I decide to do nothing. Eventually the rope is pushed through the bow roller and looped over the cleat. We relax. The suspicious lady on the Moody disappears down below. Pink launch man draws alongside and tells us how much we have to pay for the night. It’s reasonable, considering he will also act as a water taxi, taking us to and from the shore up until 10 pm for no extra charge.

Going ashore in the pink launch.

We eat that evening in the sailing club. Later, Peter and Joanne take their suitcases over from Ruby Tuesday on the pink launch to leave them in the club house, and they make arrangements to collect them in the morning. They are catching the train for London at 0900, but as the pink launch doesn’t start until 0900, I will have to take them across in our little dinghy in the morning. It makes it easier if their suitcases are already ashore.

The moon rises over the harbour while we sit on deck and have our last drink together. Tomorrow it is supposed to be a ‘blood moon’ with the earth eclipsing the light from the sun. We make a mental note to see it if we can.

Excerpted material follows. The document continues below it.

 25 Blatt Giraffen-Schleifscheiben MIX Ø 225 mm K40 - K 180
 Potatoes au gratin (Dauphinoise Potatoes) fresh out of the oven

Moon rising over Holyhead harbour.

Porth Dinllaen

We leave Pwllheli at 1230 so that we can arrive at Bardsey Sound at slack water at 1630 and take advantage of the north flowing tidal stream beyond that. A few other boats seem to have the same idea, and for a while we form an orderly procession as we proceed down St Tudwal’s Roads and sail between St Tudwal’s Islands. I read later that St Tudwal was a monk from Brittany who retired to one of these islands to become a hermit. The remains of his monastery are still on one of the islands.

Leaving Pwllheli on St Tudwal’s Roads.

We pass Porth Ceiriad and then the broad sweeping bay of Porth Neigwl, and Bardsey Island comes into view. Porth Neigwl translates as Hell’s Mouth, and we wonder what terrible events must have happened for it to earn such a name. All seems tranquil at the moment though, so much so that the wind dies right off and we have to motor to reach Bardsey Sound in time for slack water.

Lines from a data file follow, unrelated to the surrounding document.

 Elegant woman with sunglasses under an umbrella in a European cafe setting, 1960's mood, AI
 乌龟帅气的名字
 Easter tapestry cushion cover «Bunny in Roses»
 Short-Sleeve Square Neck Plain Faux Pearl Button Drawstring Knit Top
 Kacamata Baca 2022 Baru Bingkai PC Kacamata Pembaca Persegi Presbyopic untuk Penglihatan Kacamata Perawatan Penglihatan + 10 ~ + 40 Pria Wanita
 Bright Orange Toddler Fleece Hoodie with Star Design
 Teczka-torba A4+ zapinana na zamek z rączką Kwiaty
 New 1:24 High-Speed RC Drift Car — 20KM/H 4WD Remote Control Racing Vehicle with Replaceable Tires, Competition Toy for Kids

Approaching Bardsey Island.

We drift slowly through the Sound, carried by the current just on the turn. Two other boats follow us. On our port side, we pass Bardsey Island, or the Island of Currents, which has been an important religious site since St Cadfen built a monastery there around 500 A.D. There seems to be something about the islands off the Lleyn Peninsula that is conducive to religious contemplation more than some of the other islands we have seen on this voyage. In medieval times, pilgrims would come from far and wide to worship there, catching a boat at Aberdaron on the mainland and braving the often turbulent waters of Bardsey Sound to reach the island. Apparently three pilgrimages to Bardsey were the same value as one to Rome! Through the binoculars we see the Celtic cross commemorating the 20,000 saints that are reputed to be buried on the island. It is even claimed that King Arthur is buried there. It would have been interesting to stop, but we must press on.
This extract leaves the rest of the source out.